March is National Nutrition Month

With March being National Nutrition Month, it’s a good time for everyone to evaluate their diets. It’s particularly important for men and women living in senior communities as healthy eating leads to increased mental sharpness and better physical condition.

Plant-based diets rich in fruits and vegetables are encouraged, especially for seniors. Individuals who eat fish, along with healthy fruits and vegetables, say they experience the benefit of not only a healthier brain, but a healthier heart and overall body.

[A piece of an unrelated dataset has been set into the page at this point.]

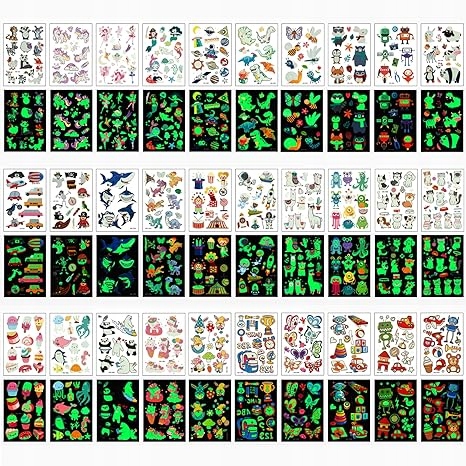 TATUAŻE DLA DZIECI ŚWIECĄCE W CIEMNOŚCI 30 ARKUSZY DZIECIĘCE ~400SZT Nazwa Tatuaże zmywalne dla dzieci ŚWIECĄCE W CIEMNOŚCI 30 ARKUSZY DZIECIĘCE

Larger Brains Protect Against Dementia

Older men and women who are dedicated to healthier diets tend to have larger brains, which studies show may help protect against dementia. Healthy fruits, vegetables, whole grains, nuts, dairy, and fish have been associated with larger brain volumes.

According to research, those engaged with healthier eating had an average of two more milliliters in total brain volume when compared to those who did not. To compare, a brain volume that is 3.6 milliliters smaller is equivalent to about one year of aging.

A Checklist for Healthier Diets

To lower the risk of heart disease and high blood pressure, seniors need more fiber and potassium. They should also eat healthier fats, such as polyunsaturated and monounsaturated. In addition, more calcium and Vitamin D lead to better bone health, and more Vitamin B12 helps with blood cell and nerve health.

Some recommendations for a healthier diet include:

Eat Less:

  • High-fat dairy products and meats
  • White breads, refined pastas, white rice and sugary cereals
  • Packaged and processed foods (high in sugar, sodium, etc.)
  • Trans fats or saturated fats (packaged snack foods, fast food, fried food, etc.)
  • Processed meats (salami, sausage, bacon, etc.)
  • Processed cheese
  • Butter and lard

For Calcium & Vitamin D, Eat More:

  • Dark-green leafy vegetables
  • Fortified plant-based beverages
  • Fortified cereals and fruit juices
  • Milk
  • Non-sugary yogurt

For Vitamin B12, Eat More:

  • Lean meats and poultry (including cuts with “loin” or “round” in the name)
  • Fish and seafood
  • Fortified cereals

For Fiber, Eat More:

  • Whole-grain breads, cereals and pastas
  • Fruits
  • Vegetables
  • Peas
  • Beans

For Potassium, Eat More:

  • Fruits
  • Vegetables
  • Beans

Our Gourmet Dining Experience

McKnight Place is proud to offer residents a wide variety of healthy dining options, which span all food groups to help with brain and overall body health. Our chef brings a demonstrated record of success and dedication to his day-to-day craft.

Each meal at McKnight Place includes the fresh and high-quality ingredients. Our dining staff collaborates with residents and their families to make sure special appetites/tastes and dietary requirements are accommodated on a regular basis.